• _Task prompt_
Please restate the listing word for word, omitting the images.

• _Input data_
-----
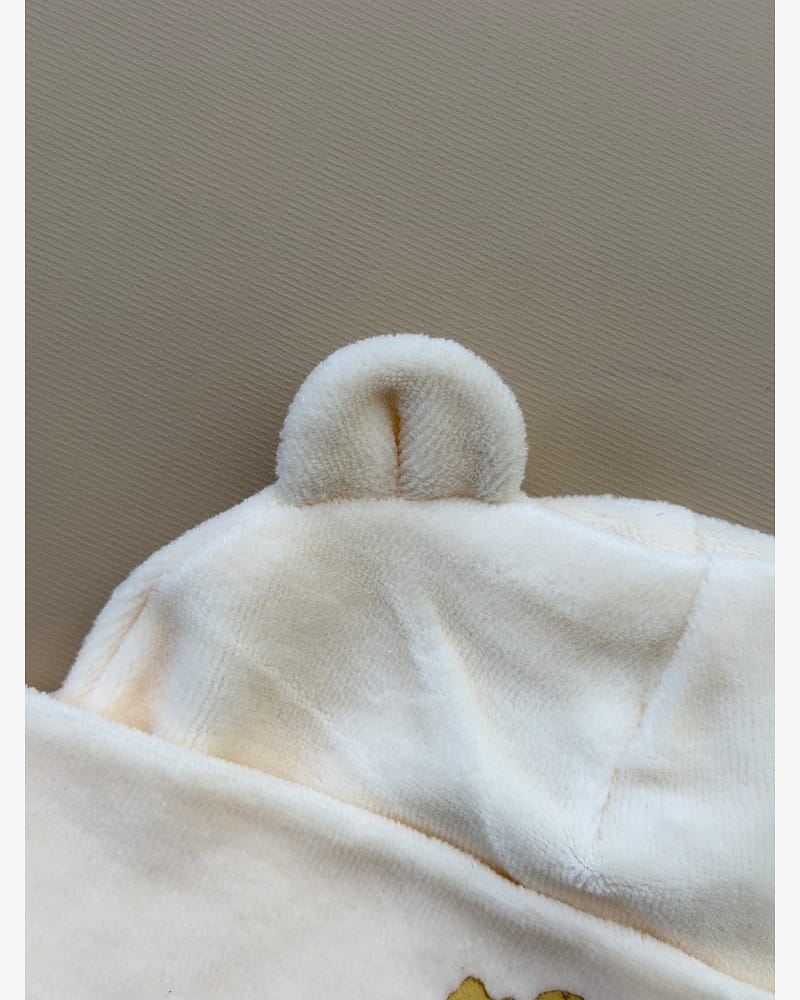 Babylue med ører - Økologisk Fløyel | Elu Beanie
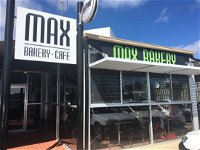 Max Bakery  Cafe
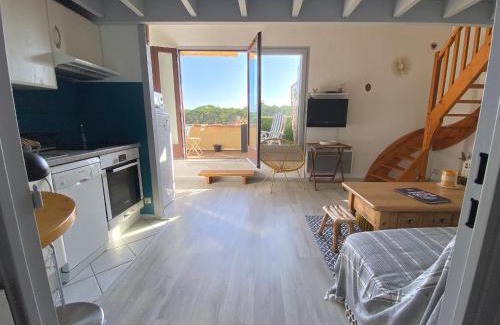 Le Penon Apartment | Bright Apartment Minutes from the Beach with Private Parking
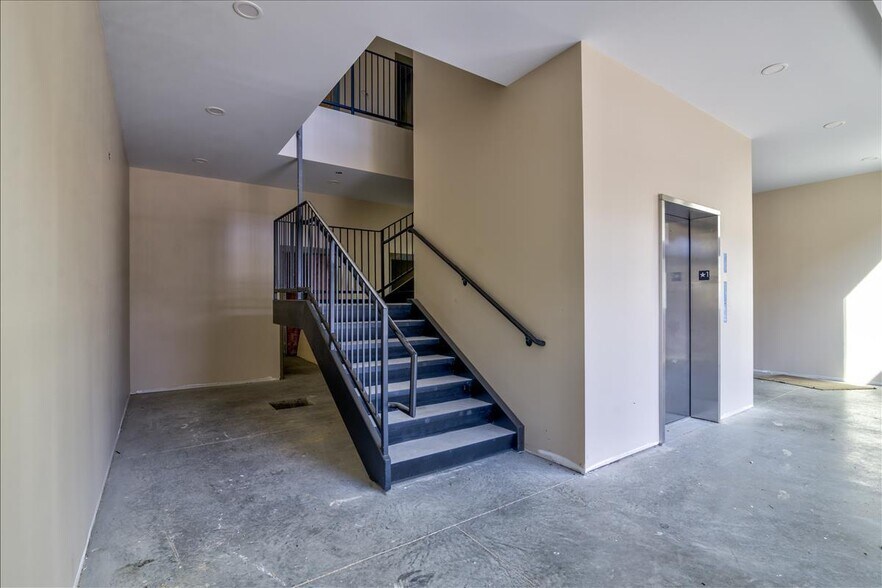 More Photos Of 3070 Electric Rd, Roanoke Unknown For Lease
-----
• _Output_
 Babylue med ører - Økologisk Fløyel | Elu Beanie
 Max Bakery  Cafe
 Le Penon Apartment | Bright Apartment Minutes from the Beach with Private Parking
 More Photos Of 3070 Electric Rd, Roanoke Unknown For Lease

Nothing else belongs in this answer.